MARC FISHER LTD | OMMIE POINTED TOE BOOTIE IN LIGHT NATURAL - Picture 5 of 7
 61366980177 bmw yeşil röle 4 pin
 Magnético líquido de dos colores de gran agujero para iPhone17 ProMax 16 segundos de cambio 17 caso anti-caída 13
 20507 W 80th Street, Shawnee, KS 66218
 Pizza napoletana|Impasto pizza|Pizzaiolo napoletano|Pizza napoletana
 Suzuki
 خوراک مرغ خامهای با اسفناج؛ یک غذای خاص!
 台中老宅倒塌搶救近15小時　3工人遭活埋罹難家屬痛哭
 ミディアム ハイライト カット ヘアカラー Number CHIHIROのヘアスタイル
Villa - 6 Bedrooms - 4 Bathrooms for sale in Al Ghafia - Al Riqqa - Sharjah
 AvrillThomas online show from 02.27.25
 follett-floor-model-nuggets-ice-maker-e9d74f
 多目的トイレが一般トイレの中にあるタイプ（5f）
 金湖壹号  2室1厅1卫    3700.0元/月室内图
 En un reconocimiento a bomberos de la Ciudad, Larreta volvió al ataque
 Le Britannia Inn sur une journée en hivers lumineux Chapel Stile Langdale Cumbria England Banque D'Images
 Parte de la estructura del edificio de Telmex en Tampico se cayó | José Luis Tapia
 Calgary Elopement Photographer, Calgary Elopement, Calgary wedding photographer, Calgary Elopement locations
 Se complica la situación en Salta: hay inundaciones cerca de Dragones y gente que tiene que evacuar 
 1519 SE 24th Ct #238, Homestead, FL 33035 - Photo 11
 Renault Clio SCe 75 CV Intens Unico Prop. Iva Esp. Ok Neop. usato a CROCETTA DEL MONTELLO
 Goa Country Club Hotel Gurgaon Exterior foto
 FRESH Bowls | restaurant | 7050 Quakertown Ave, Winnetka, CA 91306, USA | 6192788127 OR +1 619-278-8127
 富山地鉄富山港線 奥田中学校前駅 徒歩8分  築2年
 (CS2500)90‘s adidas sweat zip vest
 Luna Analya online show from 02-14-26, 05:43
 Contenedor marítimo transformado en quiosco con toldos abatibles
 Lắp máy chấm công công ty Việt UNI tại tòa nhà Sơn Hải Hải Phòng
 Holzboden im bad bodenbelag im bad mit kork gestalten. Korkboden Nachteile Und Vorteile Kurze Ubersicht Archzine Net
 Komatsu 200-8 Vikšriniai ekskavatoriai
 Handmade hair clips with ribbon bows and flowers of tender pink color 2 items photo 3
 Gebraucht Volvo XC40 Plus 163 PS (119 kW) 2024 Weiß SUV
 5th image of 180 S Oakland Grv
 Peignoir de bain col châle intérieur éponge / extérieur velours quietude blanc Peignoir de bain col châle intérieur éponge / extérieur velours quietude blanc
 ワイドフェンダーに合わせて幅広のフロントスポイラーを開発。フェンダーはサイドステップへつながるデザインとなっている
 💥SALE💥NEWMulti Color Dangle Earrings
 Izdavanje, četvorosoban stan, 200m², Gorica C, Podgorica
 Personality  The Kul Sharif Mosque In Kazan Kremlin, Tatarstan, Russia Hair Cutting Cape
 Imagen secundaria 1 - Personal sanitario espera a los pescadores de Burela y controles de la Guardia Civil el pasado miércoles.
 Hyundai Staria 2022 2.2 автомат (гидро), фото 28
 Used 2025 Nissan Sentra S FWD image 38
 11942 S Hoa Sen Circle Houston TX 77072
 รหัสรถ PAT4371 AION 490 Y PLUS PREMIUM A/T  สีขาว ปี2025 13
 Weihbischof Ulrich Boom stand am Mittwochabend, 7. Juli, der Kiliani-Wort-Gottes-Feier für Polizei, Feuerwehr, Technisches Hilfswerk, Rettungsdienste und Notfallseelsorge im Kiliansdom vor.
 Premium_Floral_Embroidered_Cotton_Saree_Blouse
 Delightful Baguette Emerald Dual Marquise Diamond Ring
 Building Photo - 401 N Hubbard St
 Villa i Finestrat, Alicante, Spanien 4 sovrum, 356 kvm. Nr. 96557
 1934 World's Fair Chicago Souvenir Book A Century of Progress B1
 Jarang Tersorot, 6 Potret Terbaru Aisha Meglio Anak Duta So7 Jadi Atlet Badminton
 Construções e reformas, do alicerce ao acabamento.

- Work to be completed -
Return all the lines shown above, precisely as they stand.

- Task solution -
MARC FISHER LTD | OMMIE POINTED TOE BOOTIE IN LIGHT NATURAL - Picture 5 of 7
 61366980177 bmw yeşil röle 4 pin
 Magnético líquido de dos colores de gran agujero para iPhone17 ProMax 16 segundos de cambio 17 caso anti-caída 13
 20507 W 80th Street, Shawnee, KS 66218
 Pizza napoletana|Impasto pizza|Pizzaiolo napoletano|Pizza napoletana
 Suzuki
 خوراک مرغ خامهای با اسفناج؛ یک غذای خاص!
 台中老宅倒塌搶救近15小時　3工人遭活埋罹難家屬痛哭
 ミディアム ハイライト カット ヘアカラー Number CHIHIROのヘアスタイル
Villa - 6 Bedrooms - 4 Bathrooms for sale in Al Ghafia - Al Riqqa - Sharjah
 AvrillThomas online show from 02.27.25
 follett-floor-model-nuggets-ice-maker-e9d74f
 多目的トイレが一般トイレの中にあるタイプ（5f）
 金湖壹号  2室1厅1卫    3700.0元/月室内图
 En un reconocimiento a bomberos de la Ciudad, Larreta volvió al ataque
 Le Britannia Inn sur une journée en hivers lumineux Chapel Stile Langdale Cumbria England Banque D'Images
 Parte de la estructura del edificio de Telmex en Tampico se cayó | José Luis Tapia
 Calgary Elopement Photographer, Calgary Elopement, Calgary wedding photographer, Calgary Elopement locations
 Se complica la situación en Salta: hay inundaciones cerca de Dragones y gente que tiene que evacuar 
 1519 SE 24th Ct #238, Homestead, FL 33035 - Photo 11
 Renault Clio SCe 75 CV Intens Unico Prop. Iva Esp. Ok Neop. usato a CROCETTA DEL MONTELLO
 Goa Country Club Hotel Gurgaon Exterior foto
 FRESH Bowls | restaurant | 7050 Quakertown Ave, Winnetka, CA 91306, USA | 6192788127 OR +1 619-278-8127
 富山地鉄富山港線 奥田中学校前駅 徒歩8分  築2年
 (CS2500)90‘s adidas sweat zip vest
 Luna Analya online show from 02-14-26, 05:43
 Contenedor marítimo transformado en quiosco con toldos abatibles
 Lắp máy chấm công công ty Việt UNI tại tòa nhà Sơn Hải Hải Phòng
 Holzboden im bad bodenbelag im bad mit kork gestalten. Korkboden Nachteile Und Vorteile Kurze Ubersicht Archzine Net
 Komatsu 200-8 Vikšriniai ekskavatoriai
 Handmade hair clips with ribbon bows and flowers of tender pink color 2 items photo 3
 Gebraucht Volvo XC40 Plus 163 PS (119 kW) 2024 Weiß SUV
 5th image of 180 S Oakland Grv
 Peignoir de bain col châle intérieur éponge / extérieur velours quietude blanc Peignoir de bain col châle intérieur éponge / extérieur velours quietude blanc
 ワイドフェンダーに合わせて幅広のフロントスポイラーを開発。フェンダーはサイドステップへつながるデザインとなっている
 💥SALE💥NEWMulti Color Dangle Earrings
 Izdavanje, četvorosoban stan, 200m², Gorica C, Podgorica
 Personality  The Kul Sharif Mosque In Kazan Kremlin, Tatarstan, Russia Hair Cutting Cape
 Imagen secundaria 1 - Personal sanitario espera a los pescadores de Burela y controles de la Guardia Civil el pasado miércoles.
 Hyundai Staria 2022 2.2 автомат (гидро), фото 28
 Used 2025 Nissan Sentra S FWD image 38
 11942 S Hoa Sen Circle Houston TX 77072
 รหัสรถ PAT4371 AION 490 Y PLUS PREMIUM A/T  สีขาว ปี2025 13
 Weihbischof Ulrich Boom stand am Mittwochabend, 7. Juli, der Kiliani-Wort-Gottes-Feier für Polizei, Feuerwehr, Technisches Hilfswerk, Rettungsdienste und Notfallseelsorge im Kiliansdom vor.
 Premium_Floral_Embroidered_Cotton_Saree_Blouse
 Delightful Baguette Emerald Dual Marquise Diamond Ring
 Building Photo - 401 N Hubbard St
 Villa i Finestrat, Alicante, Spanien 4 sovrum, 356 kvm. Nr. 96557
 1934 World's Fair Chicago Souvenir Book A Century of Progress B1
 Jarang Tersorot, 6 Potret Terbaru Aisha Meglio Anak Duta So7 Jadi Atlet Badminton
 Construções e reformas, do alicerce ao acabamento.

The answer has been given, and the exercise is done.